Mad Dogs and Englishmen

Mad Dogs and Englishmen
by Ian Collis

Published by
New Holland Publishers Pty Ltd.
The Chandlery Unit 704, 50 Westminster Bridge Road, London SE1 7QY ;
1/66 Gibbes Street, Chatswood NSW 2067, Australia
5/39 Woodside Ave, Northcote, Auckland 0627, New Zealand.

Website: www.newhollandpublishers.com

Pages: 191

MRP: £12.99 in UK

   
Ian Collis is Head of Stats at Fox Sports, a leading historian on sporting history and, naturally, statistics as well as being an avid collector of sporting memorabilia and photographs. Like his RETRO CRICKET book, his love and authority comes through in this latest book of his although the book is much smaller in shape.

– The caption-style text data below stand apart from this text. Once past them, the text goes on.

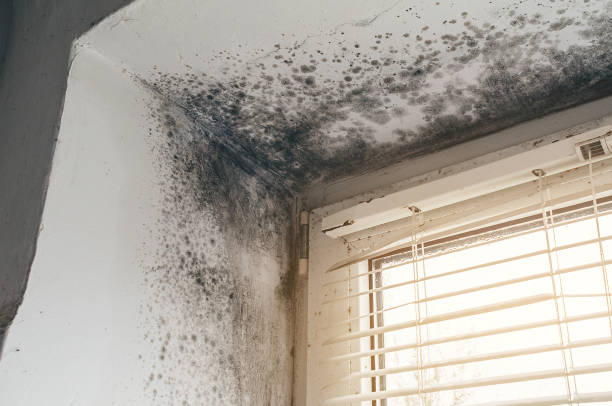 Affordable Black Mold Removal solutions in Nokomis, IL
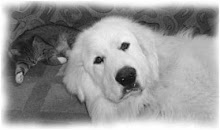 Great Pyrenees with kitty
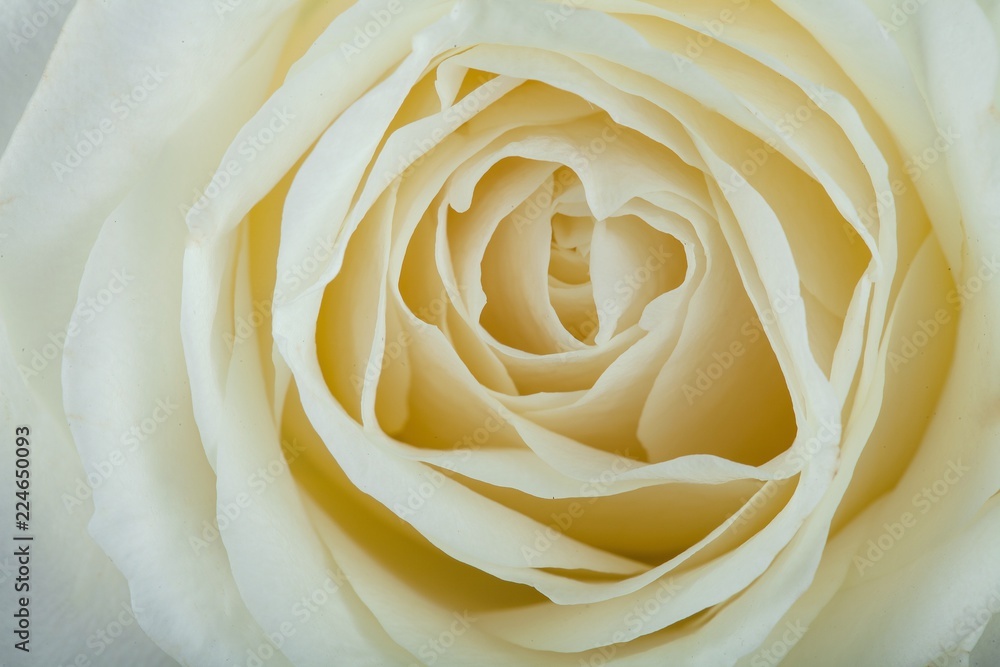 Obraz premium White Rose Head - Close Up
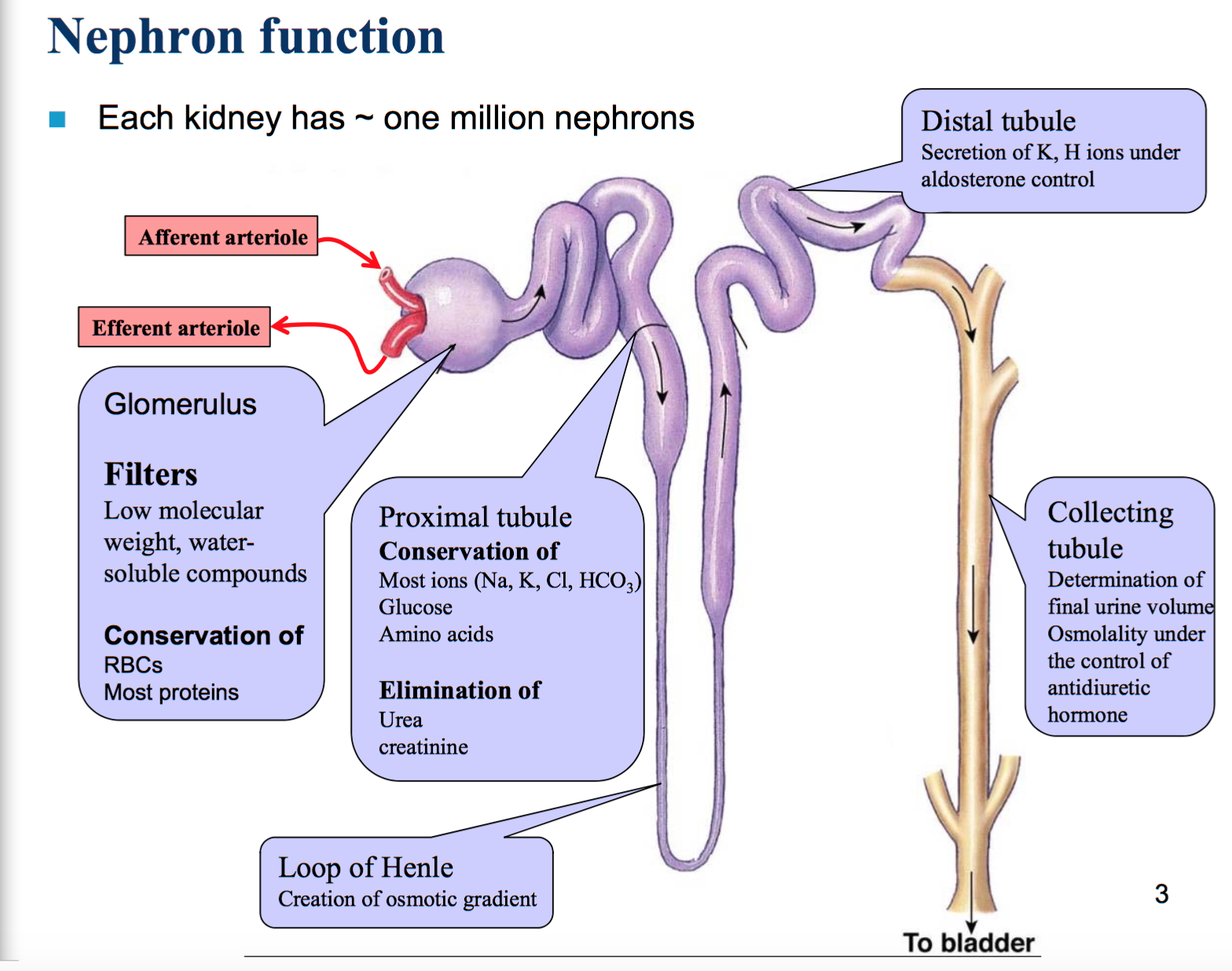 Each function. Kidney nephron. Nephron function. Строение нефрона. Нефрон альдостерон.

However, as Mad Dogs and Englishmen going into the midday sun is, again naturally, a very English phrase so, for Ian’s book, is the equally apt good things come in small packages. Written by an Australian – with, I am sure, no slight intended for us Englishmen who venture out to play sport when it’s hot: after all, the Australian climate can be far more formidable! – there is a lot initially about Tests between the two countries. Remember, though, that that is how Test cricket started and the third and fourth-playing nations, South Africa and West Indies, also appear in due course.

What is wonderful about Mad Dogs and Englishmen is that many of us will recognise cricket photographs in many publications but, with this one, the vast majority have every chance of being new to many readers. Granted, it is a pictorial history but it is a very impressive history of the great game and its collection of black and white and sepia photographs naturally brings back this evocative age. It is beautifully presented too.

Photographs depict the changes through the ages, for instance, the cover photograph showing the perhaps eccentric English captain, pipe-smoking Lionel Tennyson, walking on to the ground with flat-cap and bowler-hatted crowd members alongside and a police presence. Unthinkable today. The book includes players on and off the field, crowd presence again features predominantly and some of the posters of the day appear as well as much more. The Duke of Edinburgh features as does Don Bradman’s famous last Test dismissal: not the famous photograph seconds after the said dismissal but one taken from the side.

Ian Collis must once again be congratulated on producing, in this case, a mini gem alongside, a few months ago, a magnum opus, Retro Cricket. I must also thank my colleague for reluctantly parting with it to allow me to write this review. We both thoroughly enjoyed it and trust that there will be more such books from Ian Collis and New Holland Publishers.